There are several ways a person may contest a will: namely, making a deed of family arrangement; having a will declared as invalid; or making an application under the Inheritance (Family Provision) Act 1972 (SA) for inadequate provision. In each case legal advice is needed.
Deed of family arrangement
If all beneficiaries are adult, have full mental capacity and agree, a will may be altered after the testator's death by a deed of family arrangement.
A deed of family arrangement is a document which outlines an agreement between parties with an interest in an inheritance - this can include beneficiaries, executors, trustees and even creditors of the estate. It is used either where all parties are agreed that they would like to alter the terms of the will, for whatever reason, or where there is a disagreement over a will and the disputing parties are able to reach a compromise without going to court.
A deed of family arrangement can have stamp duty and capital gains tax implications. Professional advice is needed on this issue.

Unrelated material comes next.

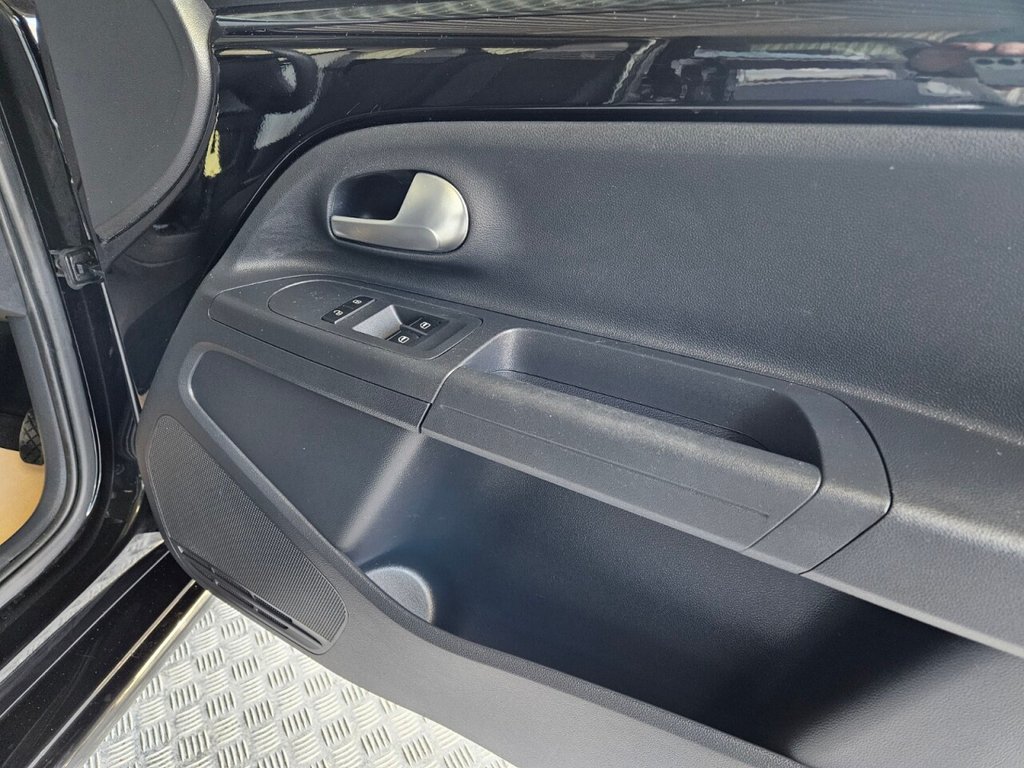 Used Volkswagen up! 2018 for sale - 77654919: Photo 19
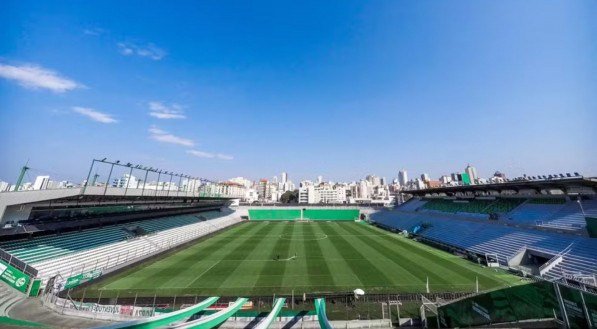 Imagem do gramado e das arquibancadas do Estádio Alfredo Jaconi, em Caixas do Sul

A deed of family arrangement cannot be used:
- to avoid a claim under the Inheritance (Family Provision) Act 1972 (SA). This is because it is contrary to public policy for a person to contract out of their right to an inheritance (Lieberman v Morris (1949) 69 CLR 69). Even if a deed of family arrangement has been effected, a claim under the Inheritance (Family Provision) Act 1972 can still be instituted. Daebritz v Gandy  WASC 45 is an example of a case where court proceedings were allowed to proceed after a deed had been entered into.
- where one of the persons affected by the deed is an infant (under the age of 18)
- where a person lacks legal capacity to sign a contract.
In any of the above instances a court order will be necessary to make the deed of family arrangement enforceable at law.